Nothing happened today, except for being stopped by the Caribinieri, fording a raging torrent, finding Black Stallion on the menu, and beginning what I hope will be a long and happy relationship with fizzy red wine.
The Caribinieri — these are Italy’s national police force. As I walked along another endless flat stretch, two Caribinieri in a white squad car stopped me to ask what I was up to. They’d heard of the Via Francigena and guessed I was Austrian. Must’ve been the lederhosen-like hiking shorts. I marveled at their gorgeous uniforms, deep blue with red piping. Which reminds me of one of the many Caribinieri jokes. “Why do Caribinieri have a red stripe on their pants from heel to hip?” “To help them find their pockets.” Other than a wrong guess, though, these Caribinieri seemed plenty nice, smart and competent.

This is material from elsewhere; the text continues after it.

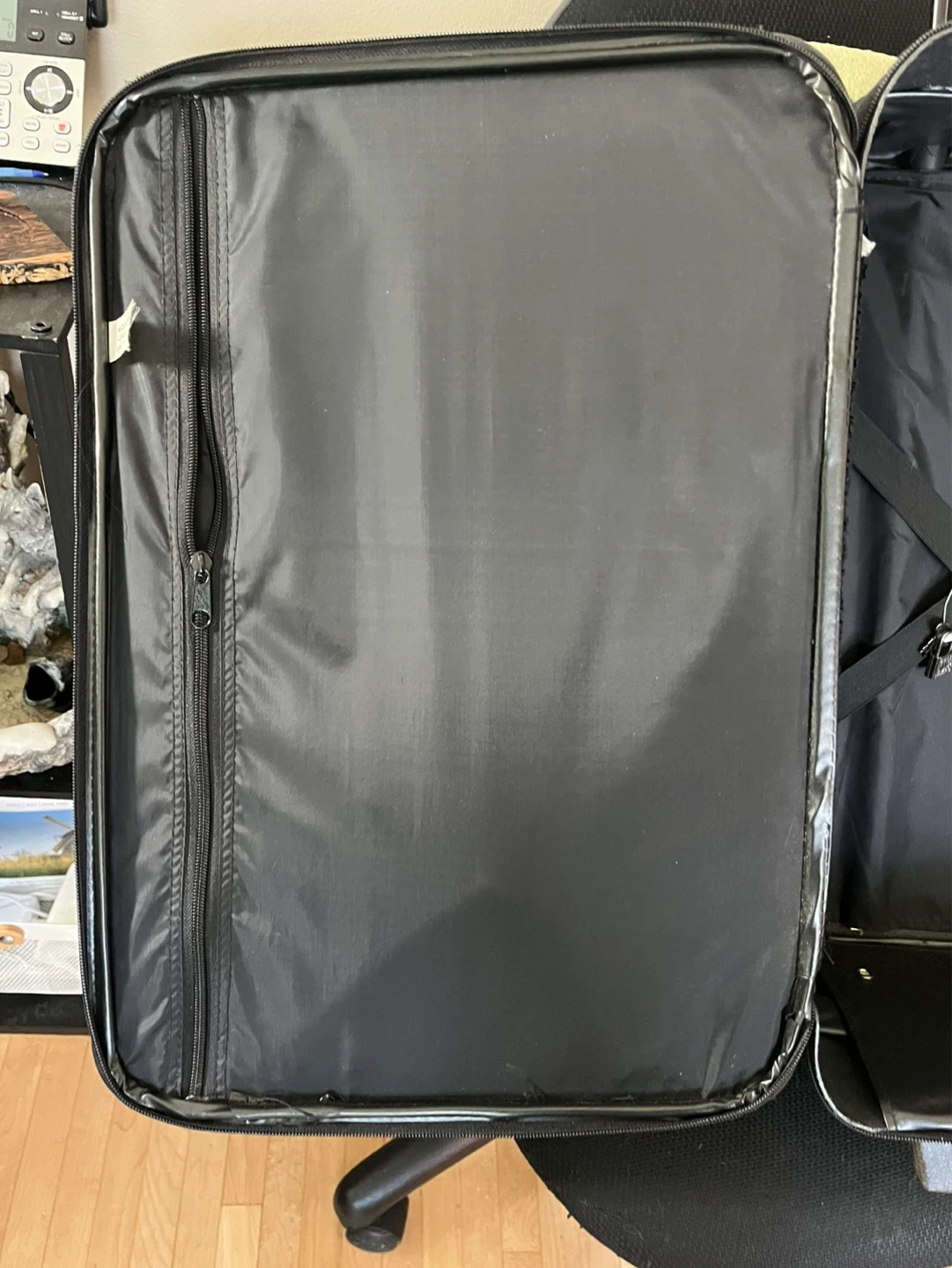 Buxton Black Rolling Suitcase - photo 5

Fizzy red wine — Yes, it’s a thing here. A nice thing. As friends would attest, I’m a little bit of a red wine snob. Little did I realize how much I’d like red wine — with bubbles!
Horse meat on the menu — Never have I been so proud to be a non-red meat eater. I’m hoping I have the translation of cavallo wrong because it’s on menus everywhere here. “Cavallo Crudo”? After all that horses have done for us?

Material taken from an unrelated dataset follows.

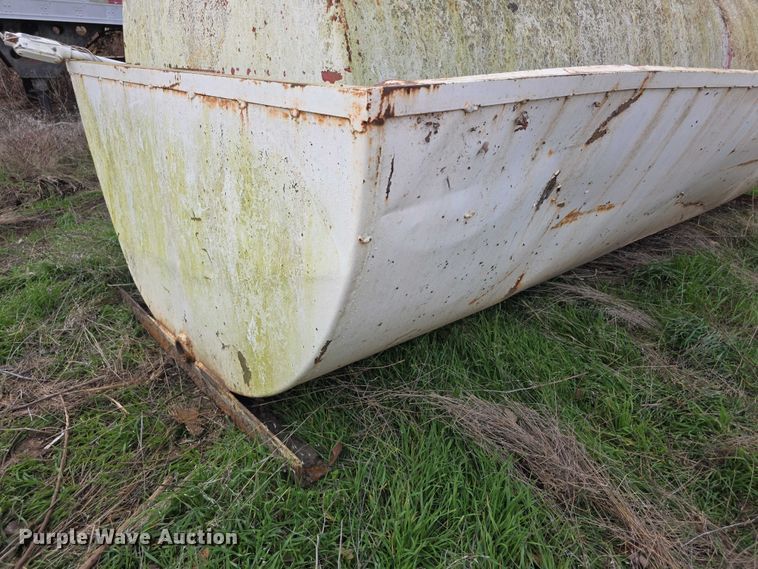 image for item FI0687 Diesel fuel tank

Crossing a raging torrent — The rivers and streams around here are all optimistically called torrente. I had read in the guidebooks about the need to ford various streams and how important it would be to wade across only in the dead of summer, when the streams are quiet. Finally a torrente appeared ahead of me and I carefully noted that the calendar identifies today as early spring. So, although the stream appears calm, I assure you that, according to the guidebooks and the calendars, it actually is a raging torrente.
After an uneventful 32 km (20 miles) I stumbled into the church offices at San Fiorenzo parish and claimed my place in its empty, four-bed hostel. Then it was off to dinner for fizzy red wine and anything but horse.